START Exercise inputs

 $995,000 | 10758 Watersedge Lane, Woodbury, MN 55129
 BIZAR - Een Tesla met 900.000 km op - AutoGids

END Exercise inputs
START Exercise inputs

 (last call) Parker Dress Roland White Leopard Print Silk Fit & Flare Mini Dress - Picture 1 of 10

END Exercise inputs
START Exercise inputs

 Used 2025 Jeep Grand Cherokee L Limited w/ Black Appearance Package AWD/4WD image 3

END Exercise inputs

Assignment :: When the line with "Woodbury, MN 55129" is reached in the data above, begin copying, and stop after the line with "BIZAR - Een"; copy each line exactly, both ends included.

Answer box ::
 $995,000 | 10758 Watersedge Lane, Woodbury, MN 55129
 BIZAR - Een Tesla met 900.000 km op - AutoGids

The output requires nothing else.